Several studies have proven that the kidneys can be damaged from sleep apnea.
Several recent studies and reports prove that the kidneys are adversely affected by sleep apnea. These include:
- In a Taiwanese study from 2016, evidence for a connection between reduced blood oxygen and injuries to the kidneys was found.
- Research in 2008 and published in the Amerian Journal of Kidney Disease revealed sleep problems among kidney disease patients who use hemodialysis. More than half of the patients who use hemodialysis report sleep problems. Some wake up too early, and others have excessive daytime sleepiness.
- Secondary Nocturnal Enuresis or SNE has a connection with sleep apnea. Also known as bedwetting, SNE happens in adults who can control their bladders in the daytime but have difficulties as they sleep. SNE is caused by different problems, and two are snoring and obstructive sleep apnea.

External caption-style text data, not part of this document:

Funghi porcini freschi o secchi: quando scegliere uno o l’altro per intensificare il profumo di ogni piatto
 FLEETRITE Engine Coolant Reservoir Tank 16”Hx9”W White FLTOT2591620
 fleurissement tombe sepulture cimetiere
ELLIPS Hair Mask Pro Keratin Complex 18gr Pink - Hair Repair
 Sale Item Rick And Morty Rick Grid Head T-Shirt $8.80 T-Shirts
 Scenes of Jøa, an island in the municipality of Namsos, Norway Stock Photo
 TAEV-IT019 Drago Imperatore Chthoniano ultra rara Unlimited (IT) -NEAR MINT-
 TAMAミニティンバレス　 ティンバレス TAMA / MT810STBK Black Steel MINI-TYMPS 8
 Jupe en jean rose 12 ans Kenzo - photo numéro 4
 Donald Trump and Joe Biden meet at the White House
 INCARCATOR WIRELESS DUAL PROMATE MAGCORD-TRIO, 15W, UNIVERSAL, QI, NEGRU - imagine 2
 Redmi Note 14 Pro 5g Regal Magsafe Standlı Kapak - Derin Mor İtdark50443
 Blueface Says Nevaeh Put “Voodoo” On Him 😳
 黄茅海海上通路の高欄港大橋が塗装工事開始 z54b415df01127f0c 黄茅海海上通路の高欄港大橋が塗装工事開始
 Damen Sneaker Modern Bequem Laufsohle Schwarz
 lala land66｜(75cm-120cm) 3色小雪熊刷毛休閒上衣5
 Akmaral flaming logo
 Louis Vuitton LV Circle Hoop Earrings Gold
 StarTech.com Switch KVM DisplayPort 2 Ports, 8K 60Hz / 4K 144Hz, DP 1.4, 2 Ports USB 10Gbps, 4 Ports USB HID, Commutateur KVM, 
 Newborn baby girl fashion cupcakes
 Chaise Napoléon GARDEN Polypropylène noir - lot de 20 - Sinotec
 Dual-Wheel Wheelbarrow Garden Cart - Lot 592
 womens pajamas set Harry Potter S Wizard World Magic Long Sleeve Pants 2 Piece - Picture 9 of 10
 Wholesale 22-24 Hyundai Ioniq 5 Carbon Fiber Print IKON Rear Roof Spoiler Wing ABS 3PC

- Untreated kidney disease and sleep disorders increase blood pressure. Uncontrolled high blood pressure can lead to cardiovascular disease, stroke, and other health conditions. The kidney’s job is to preserve good blood pressure, and a lack of filtration of the blood by the kidneys and a lack of sleep will lead to hypertension.
- Diabetes is also a link between kidney dysfunction and poor sleep. Diabetes is the leading cause of kidney disease, and almost one-fourth of all diabetics suffer from reduced kidney health.
- Studies led by Dr. McMullan and published in Kidney International proves that those with advanced CKD suffer from sleep disturbances. Because of CKD, there are reversals in day and night sleep patterns, trouble falling asleep, broken sleep cycles cause by sleep apnea and restless leg syndrome. Sleep deprivation results in a decline in kidney function as evidenced by data from health studies.